## Lecture 17: Feature Selection, $k$-means clustering

In [2]:
import numpy as np
import os

import matplotlib.pyplot as plt
from matplotlib import rc

plt.rcParams['xtick.labelsize']=16      # change the tick label size for x axis
plt.rcParams['ytick.labelsize']=16      # change the tick label size for x axis
plt.rcParams['axes.linewidth']=1        # change the line width of the axis
plt.rcParams['xtick.major.width'] = 3   # change the tick line width of x axis
plt.rcParams['ytick.major.width'] = 3   # change the tick line width of y axis
rc('text', usetex=False)                # disable LaTeX rendering in plots
rc('font',**{'family':'DejaVu Sans'})   # set the font of the plot to be DejaVu Sans

In [5]:
from scipy import io

In [1]:
from google.colab import drive
drive.mount('/content/drive')

Mounted at /content/drive


### 5.1 Feature Selection and Data Mining

#### Dataset 2: dogs and cats
an image database of 80 dogs and 80 cats

The data for each cat and dog is the $64\times64$ pixel space of the image. Thus each image has $4096$ measurements, in contrast to the four measurements for each example in the iris data set.

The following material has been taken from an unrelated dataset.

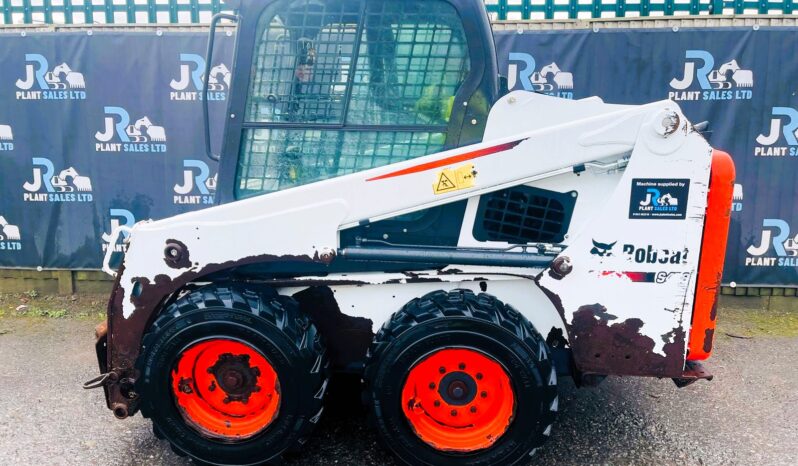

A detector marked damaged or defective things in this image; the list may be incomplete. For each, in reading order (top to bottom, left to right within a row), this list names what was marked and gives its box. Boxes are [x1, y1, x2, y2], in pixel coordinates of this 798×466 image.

The end goal is to select a finite set of features that can help us distinguish between a dog and a cat image.

In [9]:
path = "/content/drive/MyDrive/ME491"
data1_path = os.path.join(path, "data/fisheriris.mat")

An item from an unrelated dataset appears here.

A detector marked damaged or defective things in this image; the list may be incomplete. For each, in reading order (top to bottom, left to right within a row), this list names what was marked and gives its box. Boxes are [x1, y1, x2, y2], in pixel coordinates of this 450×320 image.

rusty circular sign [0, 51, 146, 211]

dog_path = os.path.join(path, "data/dogData.mat")
cat_path = os.path.join(path, "data/catData.mat")
dogdata_mat = io.loadmat(dog_path)
catdata_mat = io.loadmat(cat_path)
dog = dogdata_mat['dog']
cat = catdata_mat['cat']

m = 64
n = 64

##### Feature detection

Now we have a general understanding of the data, we want to extract features for the dataset, and we will use PCA, similar to eigenfaces to find the dominant features.

In [10]:
# we are going to use the same set of coordinates to
# describe both dogs and cats
DC = np.concatenate((dog, cat), axis = 1)

# PCA
avgAnimal = np.mean(DC, axis = 1)
X = DC - np.tile(avgAnimal, (DC.shape[1], 1)).T
U, S, VT = np.linalg.svd(X, full_matrices = False)

In [None]:
# Let's look at the average animal
plt.imshow(np.reshape(avgAnimal, (m,n)).T, cmap="Greys_r")
plt.axis('off')

In [None]:
# Now Let's plot the first 10 animal features

i = 2
j = 5

eigenanimal = np.zeros((n*i, m*j))
count = 0

for ii in range(i):
  for jj in range(j):
    eigenanimal[ii*n:(ii+1)*n, jj*m:(jj+1)*m] = np.reshape(U[:,count],(m,n)).T
    count += 1

img = plt.imshow(eigenanimal, vmin = -1e-2, vmax = 1e-2, cmap="Greys_r")
plt.axis('off')

In [13]:
dog_w_path = os.path.join(path, "data/dogData_w.mat")
cat_w_path = os.path.join(path, "data/catData_w.mat")
dogwdata_mat = io.loadmat(dog_w_path)
catwdata_mat = io.loadmat(cat_w_path)
dog_w = dogwdata_mat['dog_wave']
cat_w = catwdata_mat['cat_wave']

In [None]:
# Now we want to plot the first 36 dogs
n = 32
m = 32
alldogs_w = np.zeros((n*6,m*6))
count = 0

for j in range(6):
  for k in range(6):
    alldogs_w[j*n:(j+1)*n, k*m:(k+1)*m] = np.reshape(dog_w[:,count],(m,n)).T
    count += 1

img = plt.imshow(alldogs_w)
img.set_cmap('gray')
plt.axis('off')

In [15]:
DC_w = np.concatenate((dog_w, cat_w), axis = 1)

# PCA
avgAnimal_w = np.mean(DC_w, axis = 1)
Xw = DC_w - np.tile(avgAnimal_w, (DC_w.shape[1],1)).T
Uw, Sw, VTw = np.linalg.svd(Xw, full_matrices = False)

In [None]:
# Let's look at the average animal
plt.imshow(np.reshape(avgAnimal_w, (m,n)).T, cmap="Greys_r")
plt.axis('off')

In [None]:
# Now Let's plot the first 10 animal features

i = 2
j = 5

eigenanimal_w = np.zeros((n*i, m*j))
count = 0

for ii in range(i):
  for jj in range(j):
    eigenanimal_w[ii*n:(ii+1)*n, jj*m:(jj+1)*m] = np.reshape(Uw[:,count],(m,n)).T
    count += 1

img = plt.imshow(eigenanimal_w, vmin = -1e-2, vmax = 1e-2, cmap="coolwarm")
plt.axis('off')

When we were discussing PCA in Ch. 1, we never spent too much time discussing the meaning of the $V$ matrix.  Here, we will use $V$ matrix to perform feature engineering.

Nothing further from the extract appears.